I apologize for not sending the newsletter last week. My family and I got sick, and I prioritized that. Plus, I didn’t want to send a low-quality email just to send it. We’re all better now. Enjoy!

The first time I heard the phrase “quality is free,” I laughed out loud. I had been putting so much effort into quality, it was hardly free. But then I started reading about what the phrase meant, and I had to admit it was true—at least in manufacturing. I think it’s true in software as well.

The phrase “quality is free” comes from Philip Crosby who wrote a book by the same title. It plays off the common sense tradeoff between quality and cost. I could buy a broom at the dollar store for $1. The bristles will fall out. Maybe it won’t even sweep up dust. But I can spend $10 and get a decent broom. When I’m cleaning the floor, I could do a quick job or put in more time and effort and get a higher-quality result. In many situations, quality has a cost. These form our intuitive notion of the tradeoff.

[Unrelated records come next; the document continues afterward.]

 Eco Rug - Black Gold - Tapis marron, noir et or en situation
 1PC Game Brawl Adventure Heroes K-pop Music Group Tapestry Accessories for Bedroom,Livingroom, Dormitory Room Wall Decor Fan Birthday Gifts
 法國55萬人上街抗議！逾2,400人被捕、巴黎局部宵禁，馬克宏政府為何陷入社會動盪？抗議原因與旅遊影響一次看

However, when we’re talking about complex tasks, the tradeoff doesn’t make sense anymore. If I’m stacking blocks as high as I can, it might take me 10 minutes to stack 20 blocks before they fall. To get back to 20, it will take me 10 minutes again. Or I could spend 12 minutes to get the stack of 20 very well alligned the first time so I don’t have to redo it. Because of an extra 2 minutes of investment, I saved 10 minutes of rework. Somewhere between 10 and 20 blocks, it became cost-effective to focus on quality.

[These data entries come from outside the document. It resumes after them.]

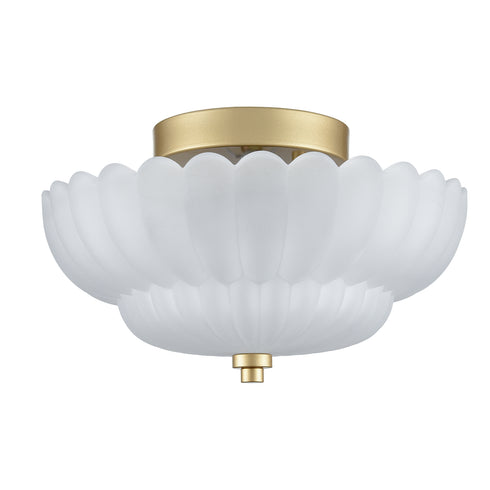 3-light Modern Gold Metal with Scalloped Milk Glass Semi Flush Mount Ceiling Light for Living Room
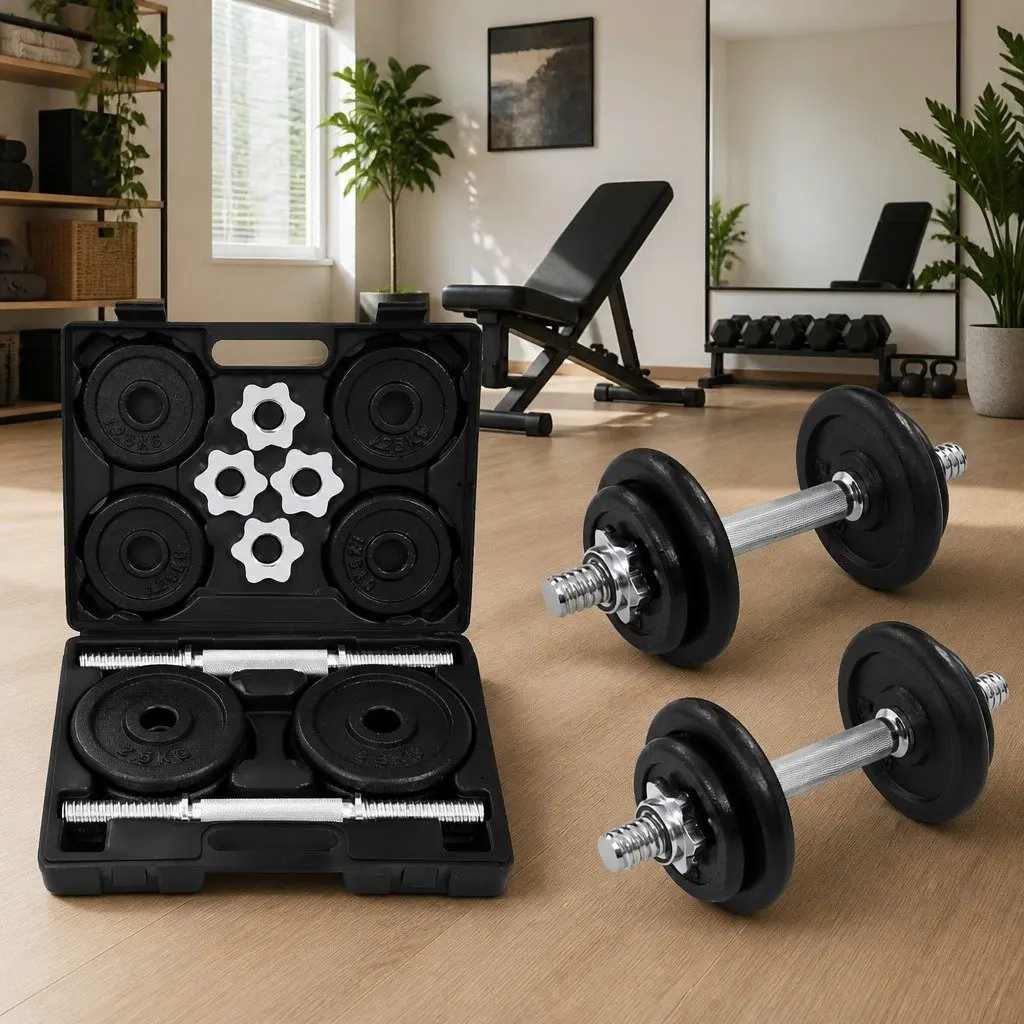Dumbbell Set 20kg Adjustable Free Weights Home Gym Exercise Black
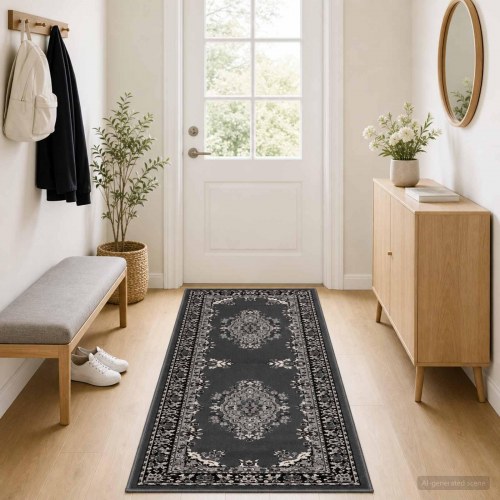 Løbertæppe FLORNES vævet grå 67 x 200 cm
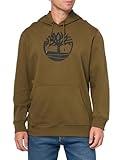 Timberland Men's Tree Logo Hoodie Sweatshirt, Dark Olive, X-Small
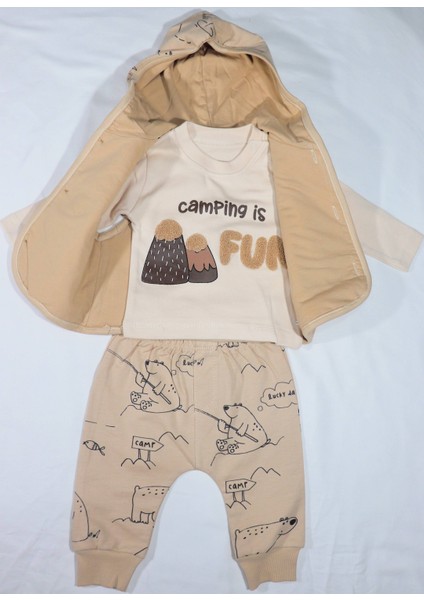 Kampçı Ayıcık %100 Pamuklu Bebek Tulumu ve Beresi Seti | Unisex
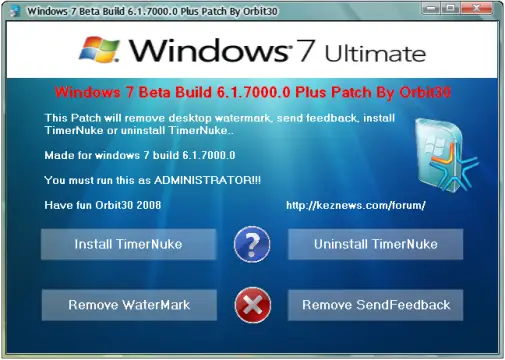 Installing Windows 7. Install TimerNuke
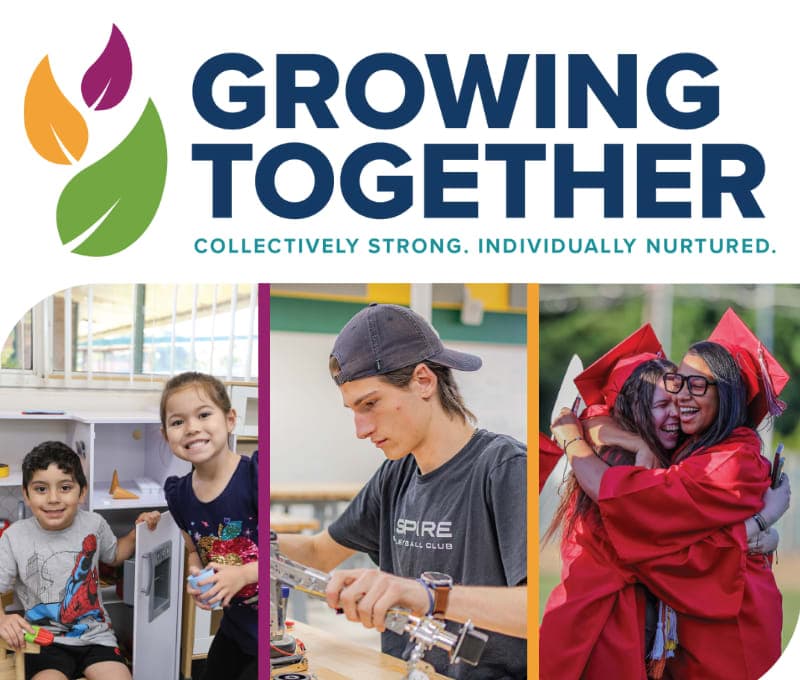 Growing Together. Collectively Strong. Individually Nurtured. with three images of students in collage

The difference between sweeping and blocks is the dependence on the quality of prior work. You can’t stack high on unbalanced blocks. And if you sweep every day, you get a similar effect. Spending a little more time today might save you more time than that tomorrow when it’s time to sweep.

Software is more like stacking blocks than about sweeping once. The current quality of the software has a big influence on how fast I can code. And we know this in our industry, even if we don’t practice it so well. The tradeoff between quality and speed is an illusion.

The DORA research also bears this out. In Accelerate, the authors point out that the metric associated with speed, deployment frequency, was correlated with the metric associated with quality, change failure rate. According to reason, anecdote, and empirical data, quality is free.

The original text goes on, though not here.